OH, MAN: Tony Stark not only faces two villains in Iron Man 3, but also post-traumatic stress from the events in The Avengers.
The following is the unedited version of a published review.
DID you know that fortune cookies are not from China?
They are an American invention, according to the Mandarin, billionaire-genius Tony Stark’s latest nemesis.
Much like the pseudo-Asian dessert, subterfuge is the name of the game in Marvel Studios’ follow-up to last year’s crossover spectacular, The Avengers, as it cleverly subverts audience expectations and genre cliches.
For example, the Mandarin (played with mordant glee by Ben Kingsley) doesn’t have a grudge against or a clash of ideals with Stark, aka Iron Man (Robert Downey Jr), unlike most comic-book villains.
The cultural chimera – he is a Middle Eastern with a British accent dressed in Chinese robes – does have a very huge beef with America, though, as he demonstrates by deploying suicide bombers and taunting the country’s people through hijacked television broadcasts.
When one of his attacks inadvertently puts a close friend of Stark in a coma, the brash industrialist throws down the gauntlet on live TV.
The Mandarin responds by permanently “relocating” Stark’s seaside villa to the bottom of the ocean.
Stark, now homeless and suitless, embarks on a quest to find out who his enemy is and how to stop his next nefarious plan.
Meanwhile, Stark’s longtime girlfriend, Pepper Potts (Gwyneth Paltrow), is approached by a man from her past and a woman from her beau’s past.
The former is her previous employer, Aldrich Killian (Guy Pearce), founder of a brain-trust organisation developing a super-strength virus called Extremis.
The latter is Dr Maya Hansen (Rebecca Hall), a geneticist working for Killian who had a fling with Stark many years ago.
You’d think a love quadrangle would happen. But, in the end, it’s really a love triangle between Stark, his Iron Men and Potts.
See, after the events in The Avengers, Stark is suffering from anxiety attacks. He keeps them at bay by working on his suits (he’s at No. 42 now) at the expense of his relationship with his sweetheart.
Those betting that Paltrow’s character will play the damsel in distress again, like in the preceeding films, will be surprised by her action-heroine turn in this outing. She saves Stark’s butt at one point and, by the end of the movie, kicks enough of others’ to live up to her (spicy) name.
Don Cheadle, who plays Stark’s best friend, Colonel James Rhodes, also gets in on the action as the newly-minted Iron Patriot.
Director Shane Black, who worked on Lethal Weapon and with Downey Jr in Kiss Kiss Bang Bang, puts his buddy-cop-flick experience to good use in several scenes where Rhodes and Stark team up to fight the baddies.
There are many gags and set pieces that took me by surprise, from a running joke involving Stark’s prehensile suit to an exhilarating mid-air rescue inspired by a children’s game.
But the biggest twist comes two-thirds way through the film. I have a feeling it will divide many fans, but all I can say is I found it unexpectedly hilarious.
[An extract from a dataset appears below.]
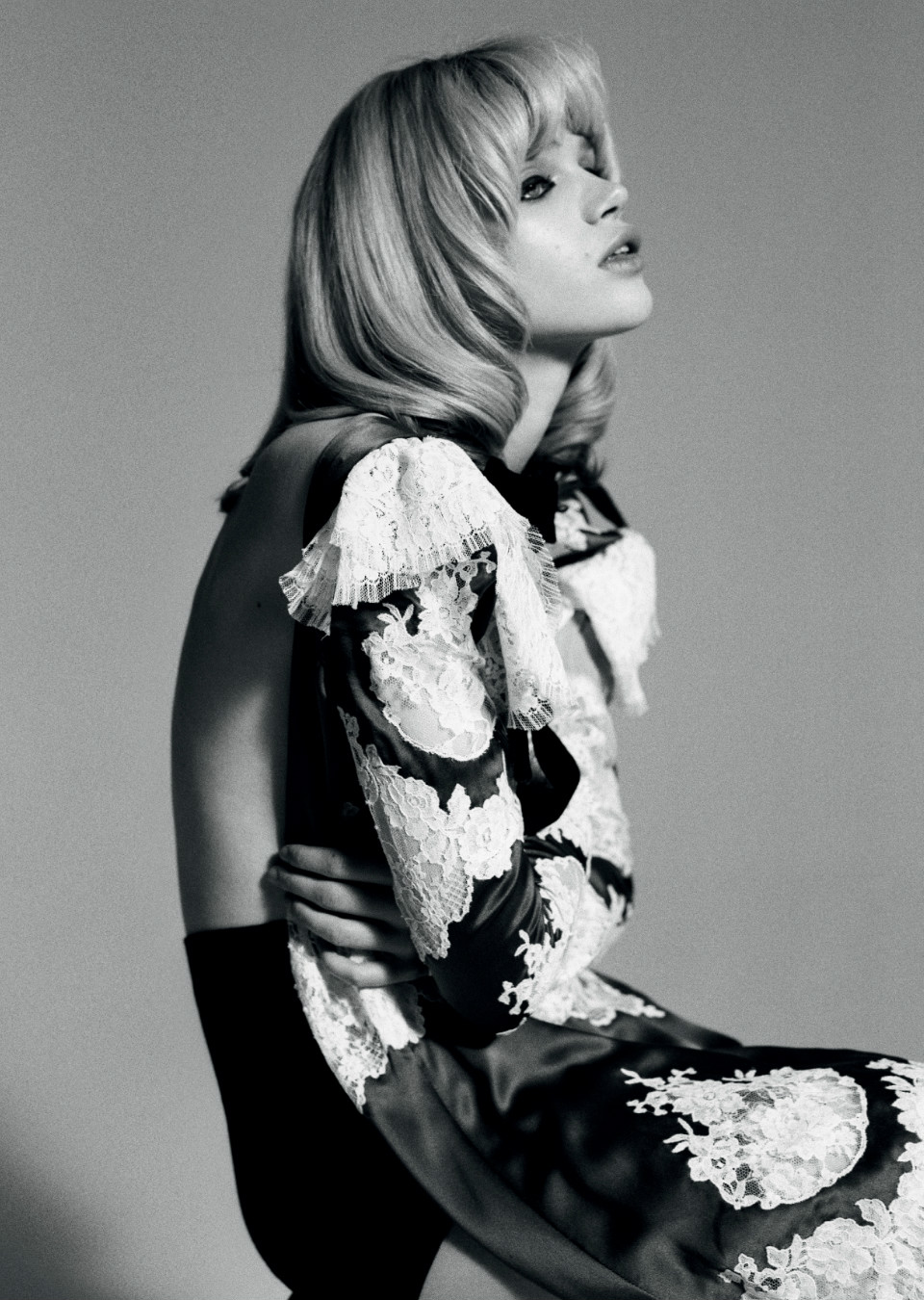 Demo title of image 26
While Downey Jr’s fourth cinematic adventure as the titular superhero doesn’t match the breezy heights of the first movie, it’s funnier and more unpredictable than the morose second instalment. Plus, Stark gets to throw more one-liners this time round.
To paraphrase a famous Tom Hanks’ character, Iron Man 3 is like a fortune cookie. You’ll never know what you’re going to get.
Or, as the Mandarin promises, you won’t see him (and the film’s many jaw droppers) coming.
P.S. A note to Pixar fans: One of the villains reminded me of Syndrome from The Incredibles. Without giving too much away, this character shares much of his development and motivation with Jason Lee’s cape-wearing baddie.
P.P.S. Yes, there is a post-credits scene, so stick around or you’ll miss out on a laugh or two.